From Deseret News archives:
Utah lawmakers just pretend to care about safety of mine workers
A: Animal cruelty law calls for punishing offenders by making it a felony. But mine safety laws focus on responding to accidents by training mine workers and inspectors, rather than by prevention. There is no punishment for law-breaking mine operators.
If lawmakers had applied the same logic to animal cruelty as they do for mine safety, they would have called for educating animal trainers to teach animals how to protect themselves, create "first-responder programs" and build animal shelters and hospitals. And they might even have thrown in anger management for violators. Under the Coal Mine Safety Act (SB224), the state is responsible for promoting mine safety through training and coordination but not enforcement.
After the Crandall Canyon Mine disaster, there was a great public outcry and a commitment to prevent accidents from ever happening again. There were vigils, fundraisers and a call for studies to prevent such disasters. There was even a state commission created that was charged with reviewing the role of state government in assuring the safety of miners and "their families and communities" and making recommendations including legislative action. From the start, any recommendations for state responsibility seemed doomed to failure when one senator on the commission said the feds could handle it.

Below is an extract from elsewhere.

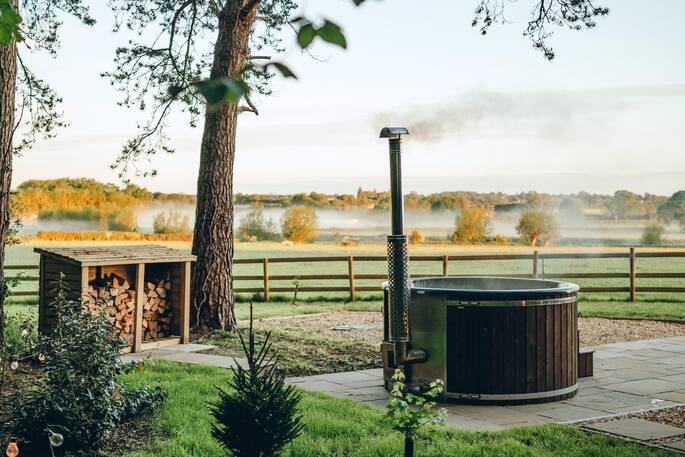 wood fired hot tub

We know how that turned out. The commission came out with an extensive list of recommendations that amounted to "closing the barn door after the horse got out." They recommended training for miners and inspectors on how to respond to accidents but little to prevent accidents or penalties for mine owners who failed to comply with safety laws.
Something doesn't seem right when lawmakers extensively debate to make animal cruelty a felony rather than a misdemeanor but with barely a whisper pass a law that only calls for promoting safety for miners. What it shows is not so much the public sentiment about safety, rather the lack of moral courage of legislators who instead respond to lobbyists who represent special interests that keep them in office. We now see how mine owners have been able to deal with the federal Mine Safety and Health Administration, besides lobbying, by stonewalling. Nationally, many mine owners/operators now automatically appeal 100 percent of MSHA safety citations. Crandall Canyon Mine owners/operators contested 271 of the 273 citations at its Utah mines from October 2007 through April 2008.